Once you come up with a clever title, you can derive it into a slug, and provided it's unique, that can be the new address. If you expose the UUID to the public for any reason, you can just redirect that too.

https://doriantaylor.com/e8f61587-bb56-4e5c-b7dd-2954b76a84b9
    -> https://doriantaylor.com/content-management-meta-system

So now it's about 2010 and I have a version-controlled folder on my computer that contains an ocean of files that look like e8f61587-bb56-4e5c-b7dd-2954b76a84b9.xml. The majority are missives I started writing and promptly forgot existed, only to start writing anew. Wouldn't it be great to have a little program that just generates a content inventory so I can get this under control?

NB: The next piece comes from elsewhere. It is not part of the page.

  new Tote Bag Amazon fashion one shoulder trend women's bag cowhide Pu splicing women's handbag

The program that did the mining is about a thousand lines of Python, which just zips through the designated folder and concomitant versioning database, constructs a graph, and serializes it to a file. At this stage I had been using all third-party RDF vocabularies to represent this metadata: The Bibliographic Ontology to represent the various types of documents, and Dublin Core for many of the relations between them. To represent people and organizations, such as authors and publishers, I used FOAF.

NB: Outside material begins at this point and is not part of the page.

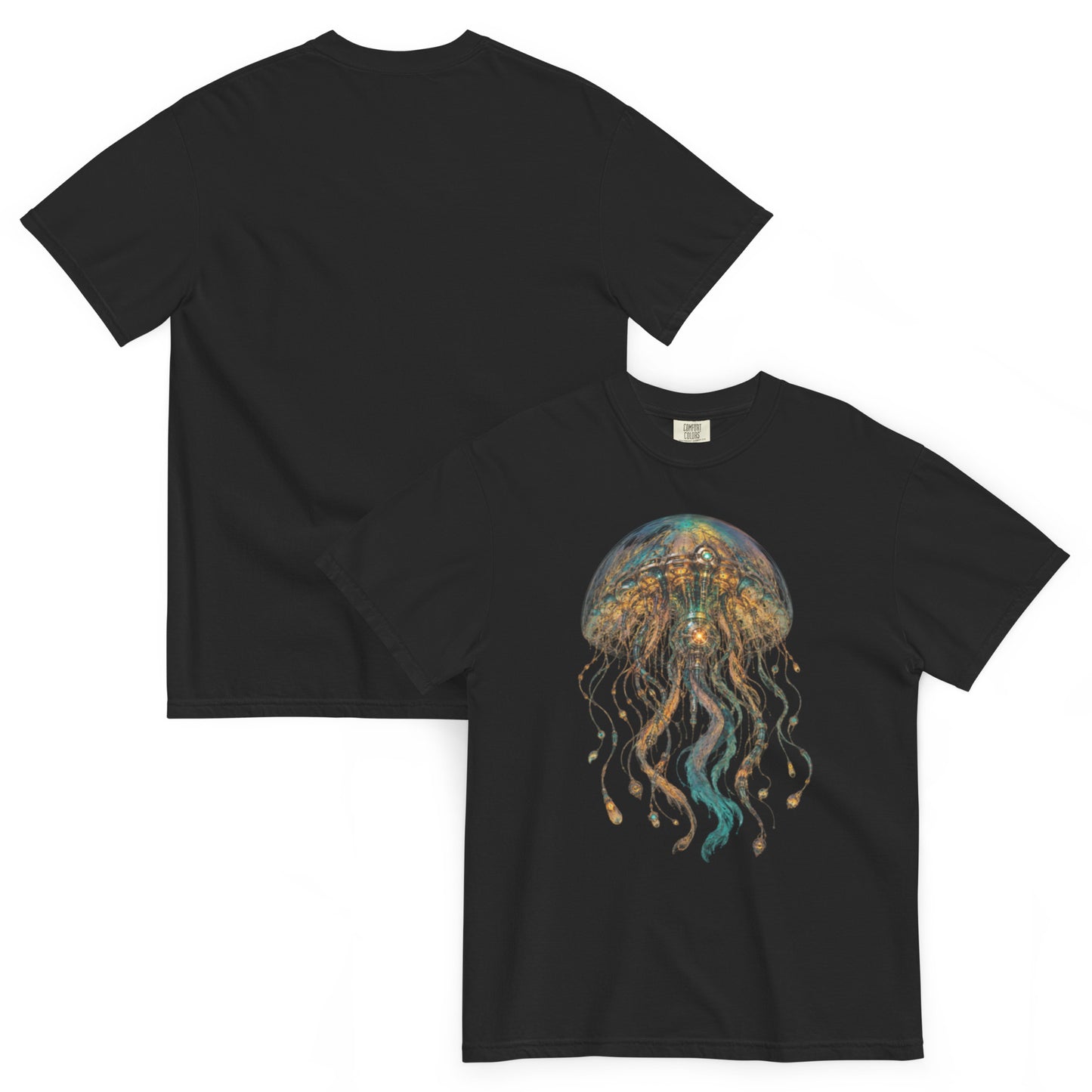 T-shirt La Méduse des Abysses noir – Cyber Créatures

It didn't take long for needs to emerge that weren't expressed by these third-party vocabularies. For one, I wanted to be able to ascribe editorial destinies to these documents that were clear, machine-readable, database-selectable entities:

This was the impetus for writing my own content inventory vocabulary, which I started around the cusp of 2012.

Expanding the Vocabulary

Here is an old test render of some published documents on my site organized in reverse chronological order. The documents are visualized as their bounding boxes, taken by dividing the number of characters by the—33 em—paragraph width, times a weighted average of each character's tendency to fill the width of the em square. The result is a good approximation of the actual geometry of each rendered document, juxtaposed against one another.

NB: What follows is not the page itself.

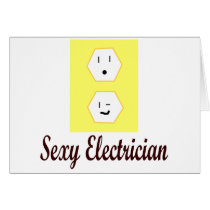 Sexy Electrician Cards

Since I was always driving toward short documents with lots of links, I wanted an easy way to pick documents out of the inventory which most need rehabilitation. This entailed some way of measuring them. Raw word count is, in my opinion, inadequate—I want a sense of the anatomy of the document as well, without having to look at it. Of course, at the time, HTML had no unambiguous concept of a chapter or section, so it occurred to me to count blocks: paragraphs, lists, tables, block quotes, <div>s, etc., and ratios like sentences and words per block. I hacked in a little statistics gatherer to my inventory generator program and amended my vocabulary to provide for descriptive statistics for each document, which could power sparklines that would tell me the shape of each at a glance.

This is an early test for a stylized box-whisker diagram of a bunch of documents ordered by descending document length. Each vertical bar represents descriptive statistics for words per block: Dark points represent medians, and the interquartile range is around the median in the darker purple, while the extrema are grey. The lighter purple bars are the ±standard deviation—clipped at zero—and the mean is in turquoise. You can see the original test here, which was on a black backdrop with the palette inverted.

I also consternated over what to do about carving up the corpus. Barring two or three collections I started before instituting the policy, I was adamant about not creating any disjoint sections. It was important that every resource could exist in more than one category at once. Besides, the inverse of a category is just a predicate, and a resource can have arbitrarily many of those.